The Enterprise Management Agent is installed on each monitored host and is responsible for monitoring all of the targets running on those hosts, communicating that information to the Oracle Management Server, and managing and maintaining the hosts and its targets.

Figure 1-1 Architecture of the Oracle Data Masking and Subsetting

DMS_architecture.png diagram provides an overview of the architecture used in Oracle Data Masking and Subsetting.

Execution Methods

Oracle Data Masking and Subsetting provides two modes for masking and subsetting data:

  • In-Database

  • In-Export

In-Database

In-Database mode directly masks and subsets the data within a non-production database with minimal or no impact on production environments. Since the In-Database masking and subsetting mode permanently changes the data in a database, it is strongly recommended to use this mode for non-production environments such as staging, test, and development databases rather than using it on production databases.

In-Export

In-Export mode masks and subsets the data in near real-time while extracting the data from a database. The extracted masked and subsetted data is written to data pump export files that are further imported into test, development, or QA databases. In general, In-Export mode is used for production databases.

Heterogeneous

Oracle Data Masking and Subsetting also supports data masking of data from any non-Oracle database, such as IBM DB2, Microsoft SQL Server, and Sybase.

Oracle Data Masking and Subsetting uses the DB links and the gateways to read data from non-Oracle production databases, copy the data to an Oracle-based staging environment, mask in the Oracle staging environment, and then write to the non-Oracle test databases.

It uses the same masking techniques that are used in the Oracle databases for masking the data.

Note:

Oracle Data Masking and Subsetting does not support automatic data discovery for non-Oracle databases, and also does not perform referential integrity for non-Oracle databases.

Methodology

Oracle Data Masking and Subsetting uses the following methodology to secure non-production database and replaces sensitive data with fictitious, but yet relevant data that meets compliance requirements.

  • Creating an Application Data Model— Discover sensitive data and data relationships, and then create or assign an Application Data Model

  • Selecting Masking Formats and Criteria— Create data masking definition and masking format types and templates based on the sensitive data that is discovered.

  • Previewing and Validating — Secure sensitive data by previewing the masking algorithm results and the subset reduction results

  • Executing Masking Transformations— Execute In-Database or In-Export masking and subsetting transformations and validate the data that is masked.

The following figure describes the methodology used in Oracle Data Masking and Subsetting.

Figure 1-2 Methodology

The DMS_methodology.png explains the 4–step methodology that Oracle Data Masking and Subsetting uses.

Workflow

The following diagram explains the Oracle Data Masking and Subsetting workflow.

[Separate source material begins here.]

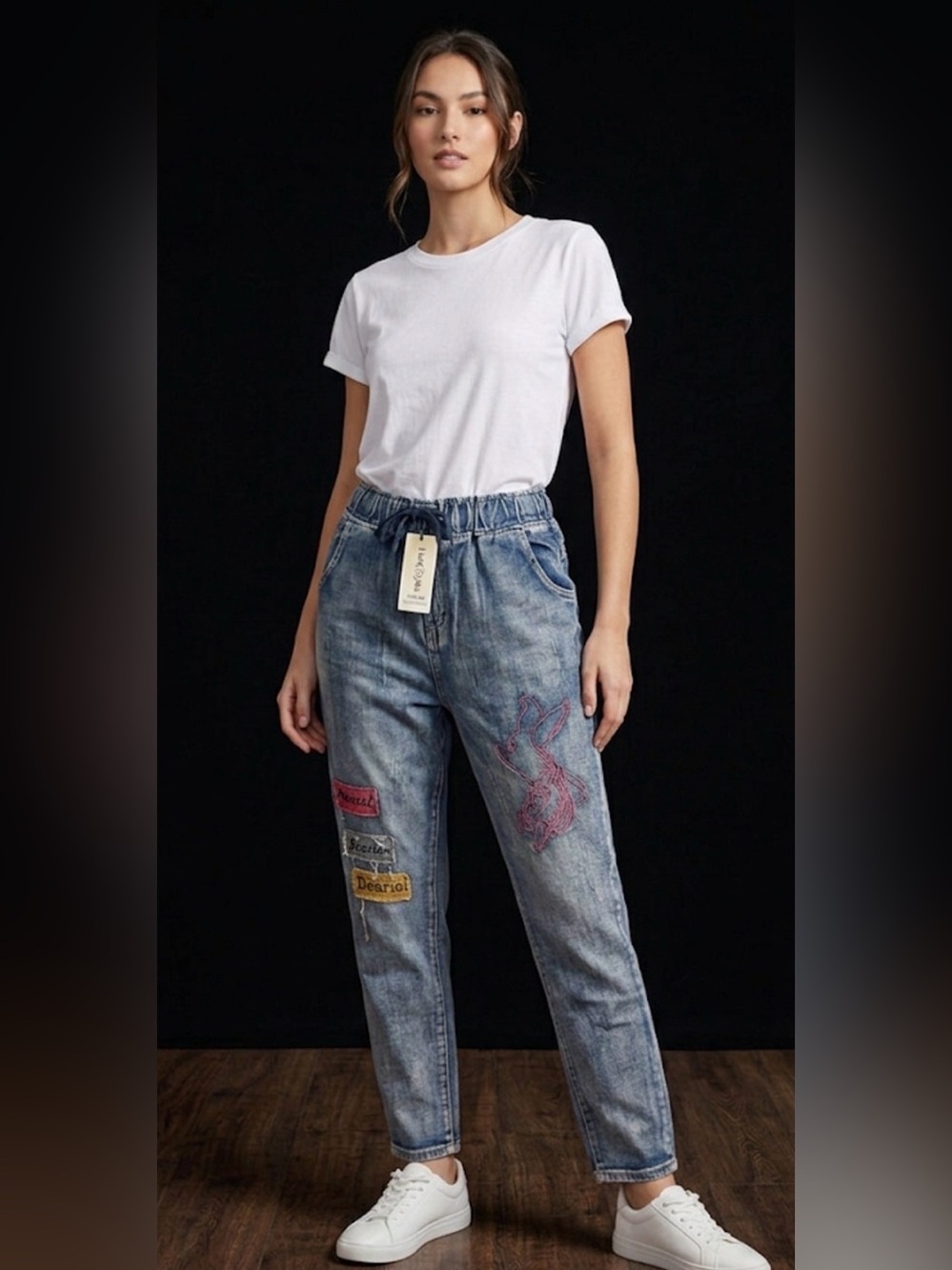 Embroidered Light Blue Boyfriend Jeans with Patch Details - Women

Figure 1-3 Oracle Data Masking and Subsetting Workflow

The DMS_workflow.png explains the Oracle Data Masking and Subsetting workflow in a flow chart format. The three important steps of the Data Masking and Subsetting workflow are a) creating an Application Data Model b) creating a data masking definition and c) creating a data subsetting definition.

The following steps describe the Oracle Data Masking and Subsetting Workflow:

  1. Create an Application Data Model — To begin using Oracle Data Masking and Subsetting, you must create an Application Data Model (ADM). ADMs capture application metadata, referential relationships, and discover sensitive data from the source database.

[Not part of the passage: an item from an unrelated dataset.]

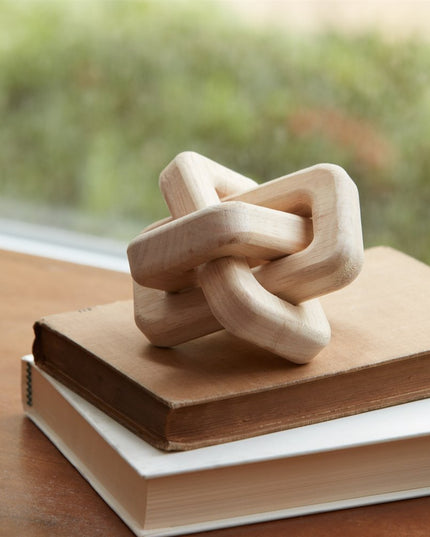 Set of Three Beige Wood Tabletop Sculpture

  2. Create a Data Masking Definition — After an ADM is created, the next step is to create a data masking definition. A masking definition includes information regarding the table columns and the masking format for each of these columns. The mask can be created by writing the masked data to the export file.

  3. Create a Data Subsetting Definition — Create a data subsetting definition to define the table rules and rule parameters. The subset can be created by writing the subset data to the export file.